If you read page A1 of last Saturday's New York Times you saw evidence that the Bush administration's expectations of the press corps are not completely wong, as they snookered the generally-reliable Edmund Andrews, who wrote:
"White House officials are expected to announce that... the deficit will be about $100 billion less than what they projected six months ago. The rising tide in tax payments has been building for months, but the increased scale is surprising even seasoned budget analysts.... Tax revenues are climbing twice as fast as the administration predicted in February, so fast that the budget deficit could actually decline this year..."
Andrews makes no mention of the fact that the Bush forecast of six months ago was deliberately highballed by $60 billion or so--precisely so that the administration could claim now that recent news on the deficit has been very good. As non-partisan budge analyst Stan Collender wrote half a year ago, "The Bush administration held a conference call... to say that the 2006 deficit would be $400 billion or more.... [T]his president has a well-established history of overstating the deficit early in the year and then taking credit when it turns out to be lower than projected, even if it has done nothing to make that happen..." (Collender's reaction to today's press event will--if printable--be posted among the Buzz Columns of http://www.nationaljournal.com later today.)
In July 2003 the fiscal 2003 deficit was estimated at $459 billion; the actual outcome was $378 billion. In February 2004 the fiscal 2004 deficit was estimated at $521 billion--more than $100 billion higher than the Congressional Budget Office's contemporaneous estimate, and $108 billion higher than the actual fiscal 2004 deficit of $413 billion. In January 2005 the adminnistration's forecast for the fiscal 2005 deficit was $427 billion--the deficit came in at $318 billion. And in each case the Bush administration trumpeted the "progress" on the deficit made relative to the benchmark set by its own highballed previous forecasts.
How did the Repulican Party ever get into the business of claiming that tax cuts in America today don't just expand the economy enough to make back some of the revenue lost, but expand it enough to make back all? It's not because any group of reality-based Republican economists believed it--they muttered about "charlatans and cranks... fad economics... voodoo economics... snake-oil salesm[e]n... trying to sell a miracle cure..." It's because a Republican journal of ideas called The Public Interest thought it would be a politically convenient claim to make.
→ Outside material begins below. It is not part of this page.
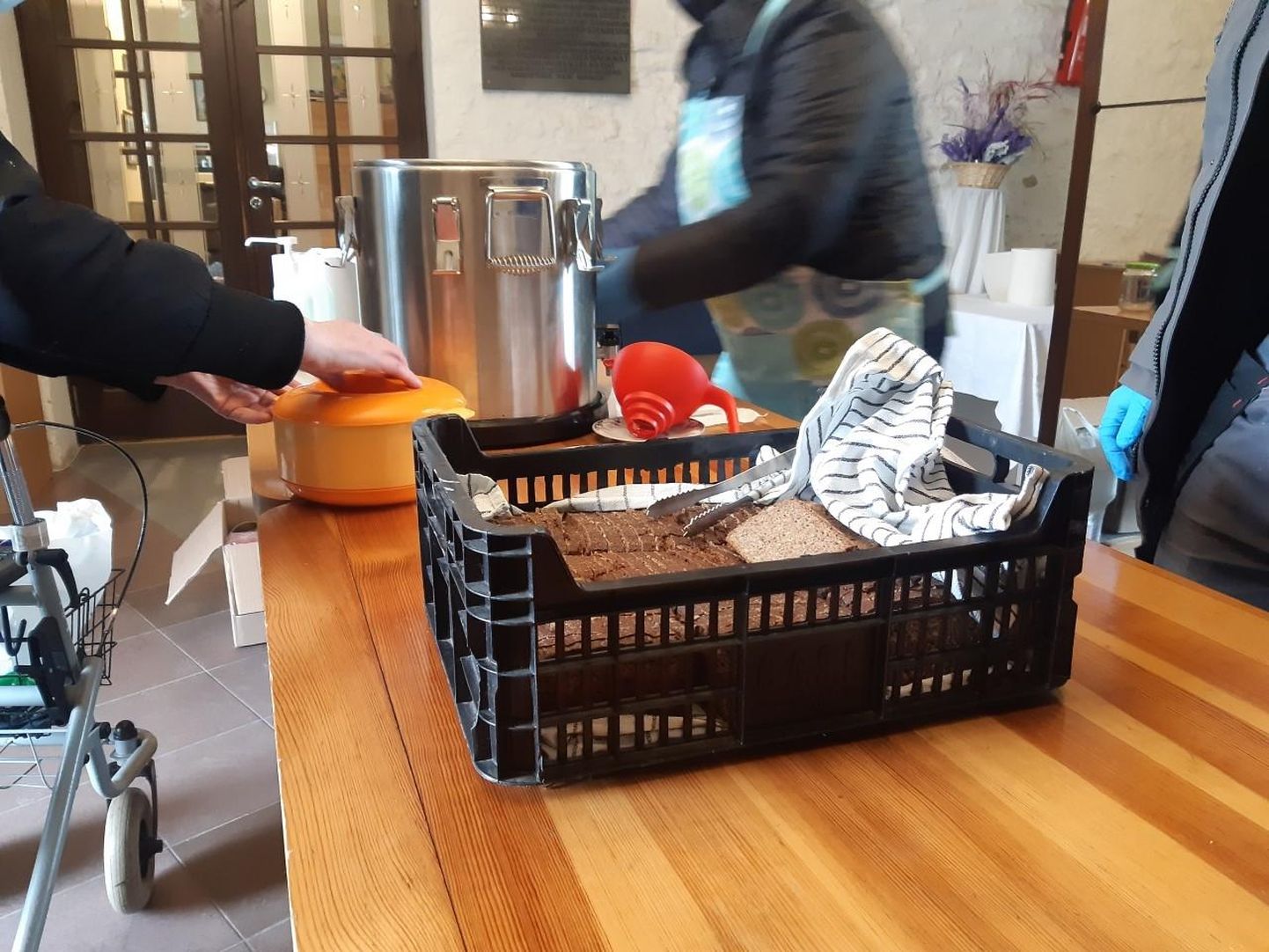 Rakvere Kolmainu kiriku noortemajas jagatakse abivajajatele sooja suppi kolm korda nädalas. Supi keedab valmis Laliya OÜ.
As its editor [Irving Kristol later explained]"(http://www.j-bradford-delong.net/Politics/Kristol_interesting.html), his "own rather cavalier attitude toward the budget deficit and other monetary or fiscal problems" arose because "the task, as I saw it, was to create a new majority, which evidently would mean a conservative majority, which came to mean, in turn, a Republican majority--so political effectiveness was the priority, not the accounting deficiencies of government."
Call it a game of Dingbat Kabuki. There has been good news about economic growth and tax revenue this year, but not $120 billion worth. By highballing early estimates of the deficit, and claiming that lower deficits than their own previous forecasts show that tax cuts pay for themselves, they can keep the big-spending and the low-taxes and the balanced-budget Republicans all inside the tent for just a little longer. That is what is going on here.
But if you are actually interested in what is good for the country, and what the effects of tax cuts on the economy are? You will learn nothing from the administration's press event. Remember: "political effectiveness was the priority, not the accounting deficiencies of government."